The discussion is part of the broader debate over the IP transition and the ongoing role of regulation. Not surprisingly, incumbents are arguing for less regulation in the new all-IP world, while competitors say they still need some rules and requirements to ensure they still have access to customers and the right to interconnect to the "new" public network.

Big division
On one side of the argument are some over-the-top VoIP providers and incumbents, notably AT&T Inc. (NYSE: T), who are arguing that FCC should continue treating VoIP as it has since the days when Michael Powell chaired the commission, and deemed this new-fangled way of delivering voice to be an information service, not needing regulation, as opposed to a Title II voice service. On the other side are other incumbents, such as rural telcos, and competitive exchange carriers (CLECs), who say AT&T, Verizon Communications Inc. (NYSE: VZ), and others are looking for a way around rules that require interconnection for competitive reasons, as well as other regulation.

The rural carriers, led by the NTCA - The Rural Broadband Association , want the FCC to make sure they continue to be reimbursed for carrying VoIP traffic on their networks, as they are today for terminating TDM voice calls.

Mixed into this debate is an FCC trial, being conducted with Vonage Holdings Corp. (NYSE: VG), which would give OTT VoIP providers access to phone numbers, without being registered as a CLEC.

Taken as a whole, the FCC ruling on VoIP has the potential to reshape the competitive services landscape, and set a future course for the FCC as a regulator of Internet-based services. One concern for the anti-regulatory folks is that the current FCC, controlled by Democrats, is more likely to try to carve out a regulatory position for the commission going forward than previous commissions. But any attempt to create new powers will immediately be challenged in court, and take some time to be put into effect.

If the FCC requires the same kinds of interconnection required now, it will be bringing TDM inefficiencies to the IP world, argues AT&T, which first filed a petition with the FCC a year ago, asking that the agency review how regulations should change in the move away from TDM and toward all-IP networks.

AT&T has 5,000 different interconnection agreements in the TDM world, Bob Quinn, SVP, Federal Regulatory, said at the TIA Future of the Network Conference in October, and under existing voice rules, competitors can require AT&T to provide interconnection in any LATA, or local access and transport area, a designation that doesn't exist in the IP world.

Those rules don't apply to wireless carriers, to cable companies or to VoIP providers, Quinn argued.

CLECs cry foul
For their part, CLECs point out that most of them grew up in the all-IP world, or got there well ahead of their incumbent telco counterparts. Instead of looking for TDM-era regulations, they want a "backstop" against the continuing market power of big incumbents such as AT&T and Verizon, to keep from being frozen out of the markets to which they currently have access.

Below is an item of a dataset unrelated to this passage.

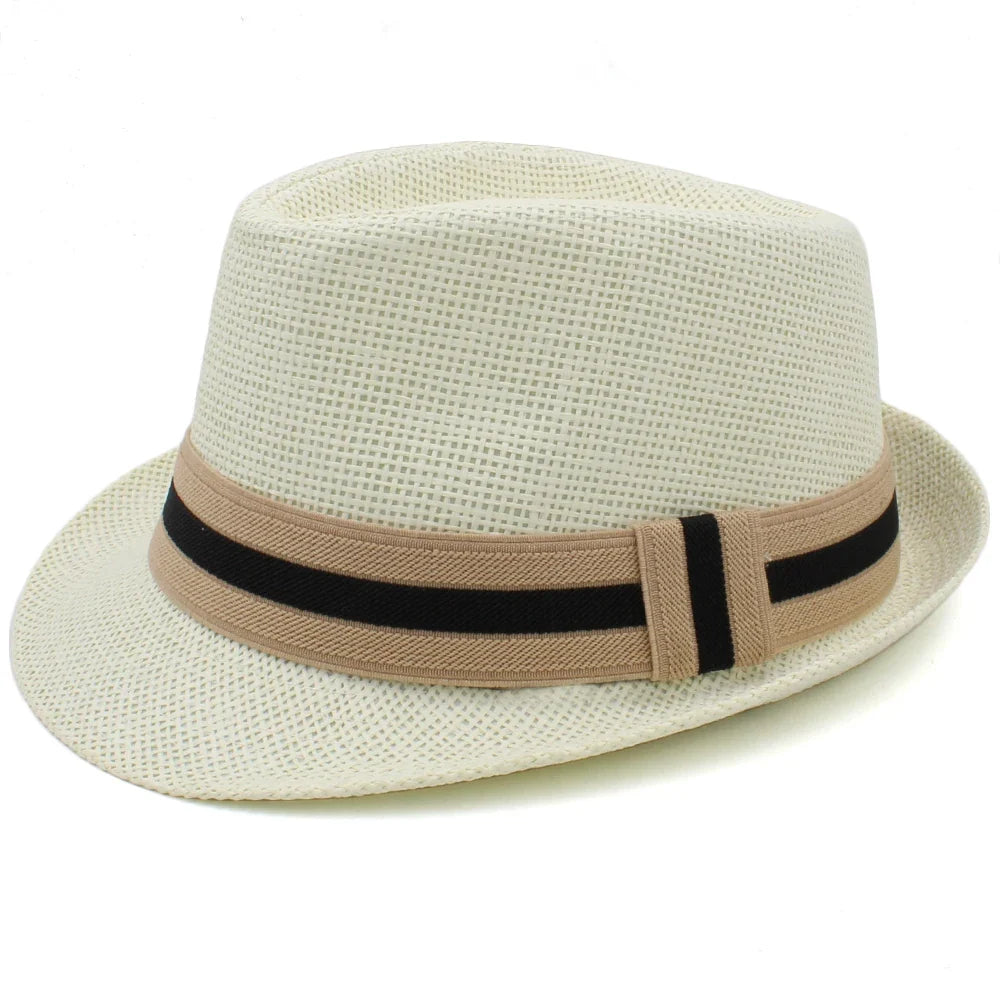 Classic Straw Trilby Hat with Contrasting Band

Two CLEC executives -- Kristie Ince, VP of regulatory affairs for tw telecom inc. (Nasdaq: TWTC), and Lisa Youngers, VP of federal affairs for XO Communications Inc. , -- engaged in the same debate with Quinn at the TIA conference, and view AT&T and Verizon as companies who still wield considerable market power. They want the FCC to require good-faith negotiations over interconnection in the IP world and not a regulatory clean slate.

The problem with the "backstop" approach, said David Young, VP of public policy at Verizon, is that any retention of old rules also involves 50 different state regulators, since they can control voice services, and that will impede moving to IP efficiencies.

What AT&T and Verizon are pushing for are trials of an all-IP voice network, and that may be where the FCC lands to try to resolve the dispute. The trials would implement an all-IP solution without traditional voice regulations.

But whichever way this one goes, a big part of the telecom industry is likely to be unhappy.